We started The Seattle School of Theology & Psychology for one reason: to start an MDiv program.

One evening, I sat around the kitchen table, reminiscing with friends and colleagues about our time in seminary. All of us, except one, had received an MDiv and found it equally life-changing and profoundly frustrating. We all found the seminary experience more formative than any other educational experience, yet what we each found frustrating was the failure of the seminary to engage us as people with unique stories and dreams. Those had to be left outside the door to focus on the pre-packaged curriculum delivered in one-way lecture format. We were note-taking automatons who only got the chance to engage the material once we left the classroom. And we did, but without the insight and nuance that we dreamed might be offered if our professor actually joined the conversation.

I could remember these conversations with my peers in seminary 20 years later sitting at that kitchen table, and even today as I write these words. I frankly don’t recall the classes that made up my MDiv, even though by and large they are what determined whether I received the degree. I always felt like that educational model didn’t fit someone like me who wanted to wrestle with the material. I also wondered if it was actually detrimental for the compliant student who took in each word as if were just a notch lower than the canon.

Years later, sitting around that kitchen table with those people, we began turning our frustrations about this life-changing experience into a dream: what if there were a new type of MDiv? We wanted to be part of a school where both students and professors knelt together, knew their interdependency, were curious about each other’s stories, and approached the text and the task of theology as an entry into vast unknown of God’s goodness. Seminary education is meant to be the cry of “I believe, help my unbelief!” and those who teach, because they have hopefully been involved in the endeavour longer than most students, ought to be more desperate: more believing, more unbelieving, and therefore more in need of help.

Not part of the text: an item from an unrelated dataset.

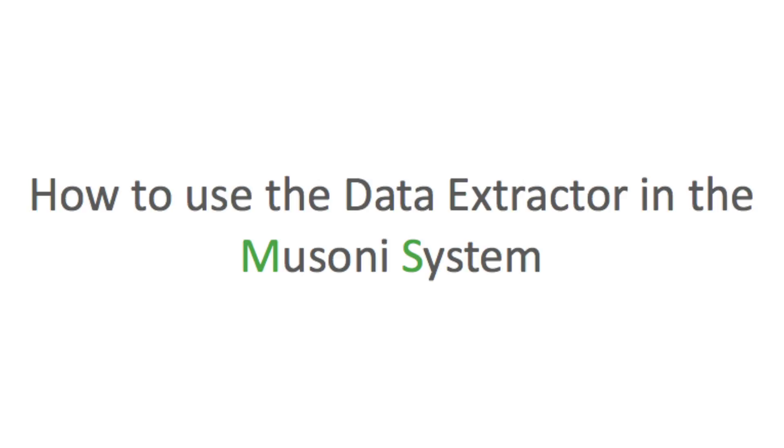Hi viewers, my name is Eric Elango and today I'm going to show you how to design and export your own custom reports directly from the Musoni system.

We wanted to be part of a seminary education where students had the chance of coming to faith—new faith, old faith, growing faith—and where the professors could come to faith as well. It had to be a place where the brokenness of our life and our theology meets the beauty of what has already been engaged with God and yet is not yet finished. Our human engagement with God is not a map – the cartographer can never quite capture the map of God’s presence in the world because it is always shifting.

The story of getting from that kitchen table to Seattle is a longer and harder journey than I can share with you now, but in 1997 we started what was to become The Seattle School of Theology & Psychology to enact the dream birthed around that kitchen table: starting a new and different MDiv program. So many other wonderful programs and offerings have accompanied that vision, but it remains the core of the school’s founding. Stepping into The Seattle School was not unlike stepping into a marriage. It was sexy and I was certain it was destined—yet it was also a really stupid, risky move that has broken, mended, and enlivened us over and over again. This is often, I am told, the experience of being a student in this place as well. Yet what holds true for my journey at this place, and I hope for yours, is an abiding belief that wrestling with God, even through the night until the blessing breaks our knees, is worth every dollar and ounce of energy to create and to grow into the calling God has for you.